Through much of the poem, Sidney characterizes desire in an almost drug-like fashion.  It is ultimately a personal choice to pursue these desires, but by definition they posses a certain magnanimous [this word is misused here, but I was more or less writing based on instinct at this point, despite having a decent pre-write] attraction that makes resistance difficult.  Desire is at once sought out and destructive.  An emphasis is placed on this illogical phenomenon through the persistent use of contrast.  Phrases such as "fond fancy's scum" and "self-chosen snare" are bizarrely contradictory when independent of the poem.

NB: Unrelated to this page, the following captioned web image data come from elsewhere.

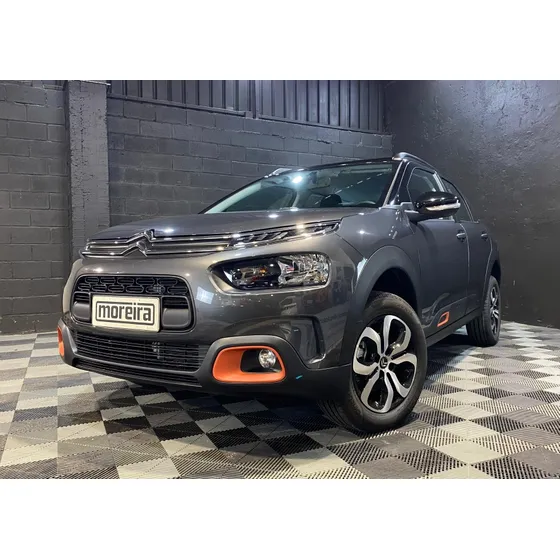 Citroën C4 Cactus Vti 115 Feel V5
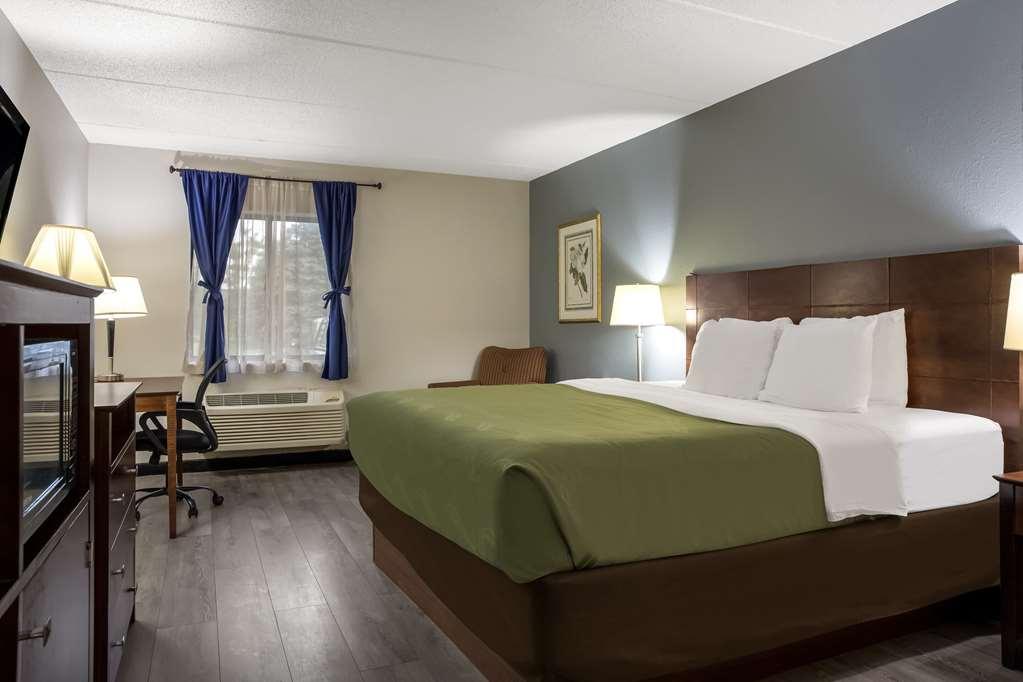 Quality Inn Toledo Chambre photo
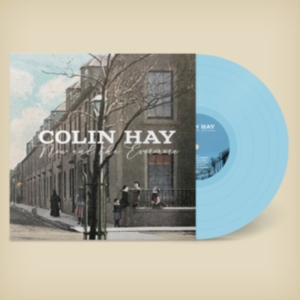 Hay Colin - Now & The Evermore (Blue) in the group VINYL / Pop-Rock at Bengans Skivbutik AB (4136433)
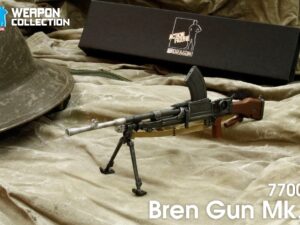 Dragon 77007 - Bren Gun MK.1 1:6 Weapon Collection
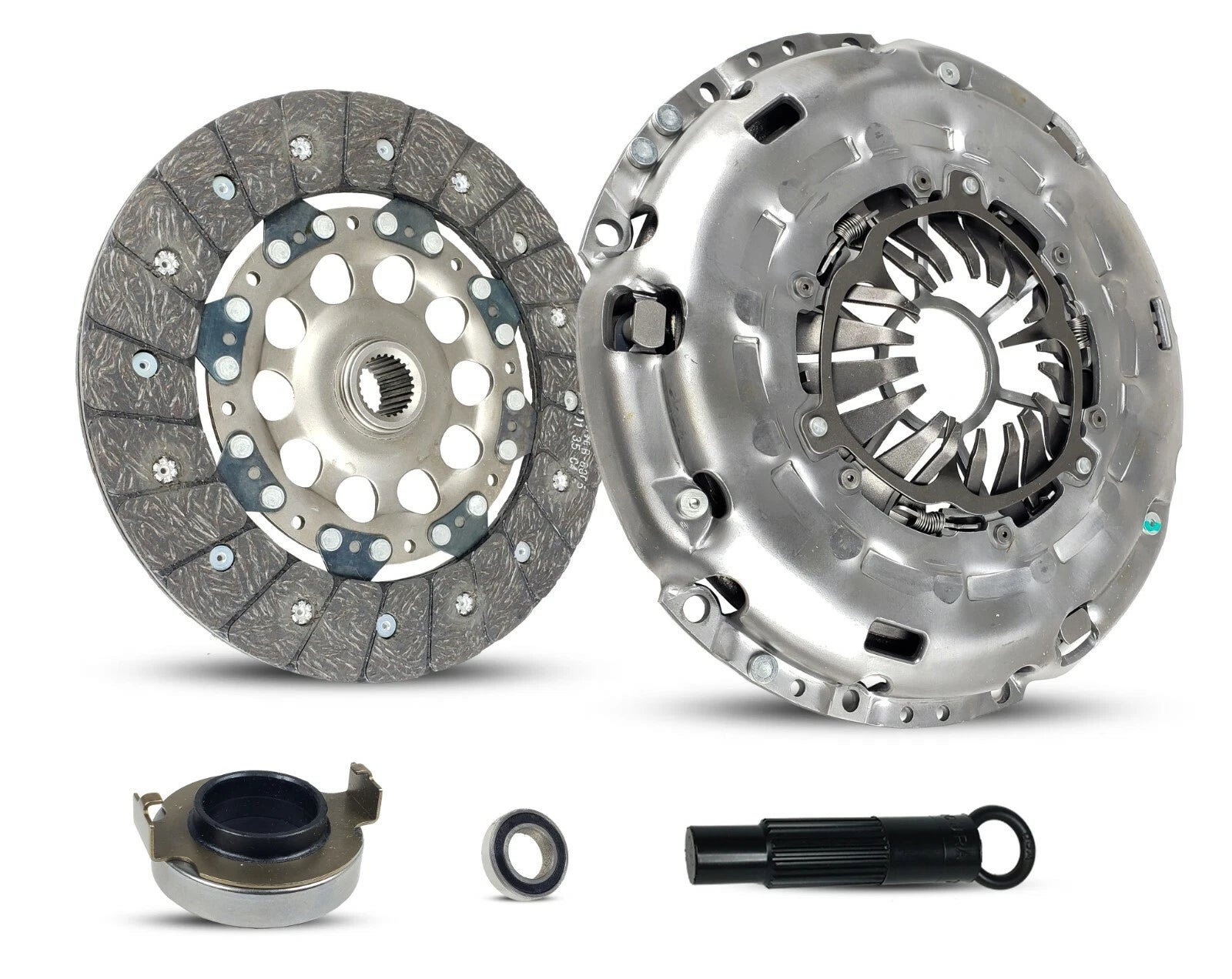 Self Adjusting Clutch Kit for Honda Accord, Acura TL, CL (2003–2013)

However, coupled with the theme of desire's decadent tendencies, all of the pieces support each other.

Sidney not only addresses the abstract incongruity associated with desire, but also the concrete effects it has.  A choice of frenetic words and phrases such as "scattered thought" and "price of mangled mind" infer a certain level of confusion.  Added to the assertion that desire is generally vain, the reader is given a very deliberate impression of desire as an emotion that does little but cloud thoughts.  If this polarizing diction is not enough, Sidney uses emotionally charged diction to drive home his stance.  The poem shifts at line 9 to a much more personal account.  At this point, desire is actively trying to "ruin" the speaker.  By the poem's end, desire is personified so heavily that the reader wishes to actually kill it.

In the poem, desire is evaluated both objectively and subjectively.  An unbiased look at desire addresses its strangely contradictory split between free will and addiction, so to speak.  At the same time, Sidney inserts the speaker as a highly personal warning against desire.   Both of these methods results in a different perspective, but both clearly indicate the dangers of desire's allure.